This is every factory’s way of avoiding the bust side of the cycle, and that’s an important red flag: semiconductor companies are planning for slower growth, which can add to the slowdown if other manufacturers arrive at the same expectation.

Canary in the Coalmine: Manufacturing and Demand Implications

A slowdown in semiconductor demand is signaling a 2H slowdown in business spending and factory investments.

Slowing Chinese business and consumer demand appears to be at the center of the slowdown and it is dragging the EU down with it.

There are variations here, based on region:

The Americas remain relatively strong, although some pullback is underway:

Asia Pacific (China) is slowing a bit:

EU is flat-out recessionary:

Japan is also recessionary.

For exporting countries, semiconductor consumption is a litmus test for economic growth. The EU and Japan don’t show any growth in consumption. In fact, they have been contracting for months.

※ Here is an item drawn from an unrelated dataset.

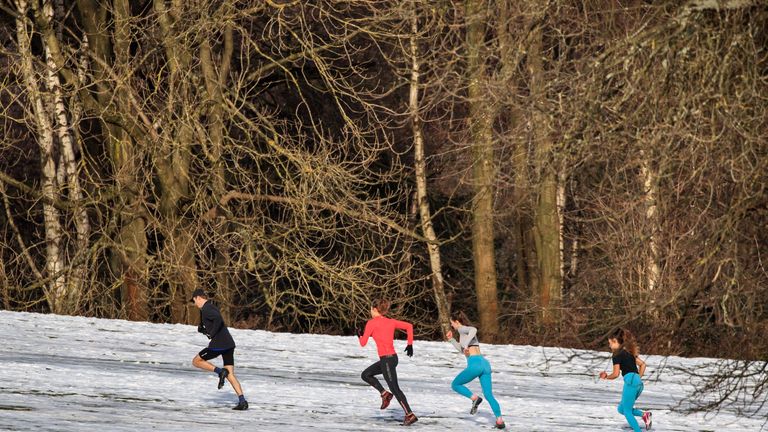 RETRANSMITTING AMENDING THE PICTURE DATE. People exercise in Roundhay Park, Leeds, Yorkshire.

Moreover, the slowing China growth evident in the Asia-Pacific billings is the likely culprit behind the EU’s semiconductor slowdown. As a proxy for their economies, this data is saying that the EU will only be as strong as China’s growth, which also looks a bit softer these days.

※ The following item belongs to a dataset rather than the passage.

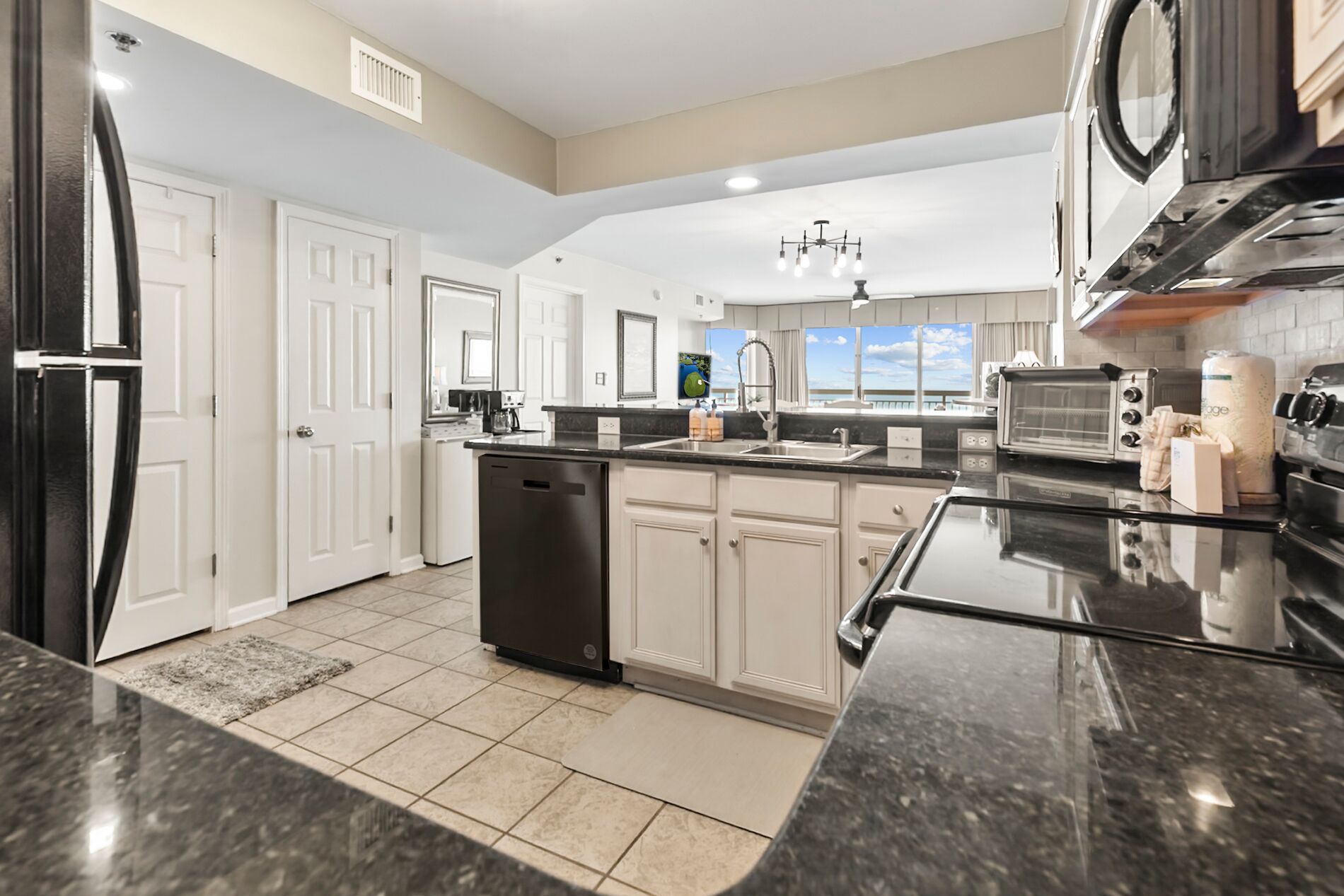 A modern kitchen with a central island, stainless steel appliances, and a view to the outside.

Expect More M&A to Come as Sales Flatten

The market is peaking, as we’ve shown. Top-line growth is slowing and CAPEX budgets are either being cut or held flat.

Meanwhile, too much cash sits there unused. The universal theme in the last round of earnings conference calls in the semiconductor sector was what to do with cash on the sidelines. Since tech stocks rarely do dividends, analysts focused on buybacks and M&A.

The responses were uniformly vague but definitely not negative. That is, M&A was referenced as a direction ‘when it made sense’, and buyback specifics were not called out. The consensus was that the cash wouldn’t be sitting around for long.

Some recent M&A activity is synergistic. For example, Intel’s only growth sector is in the data center but its microchips for those servers are energy intensive. A play for Altera Corporation ALTR (or Xilinx, Inc. XLNX) would be a way to tackle that problem. In another case, NXP Semiconductors NV NXPI's acquisition of Freescale makes sense as it continues to dominate the auto market.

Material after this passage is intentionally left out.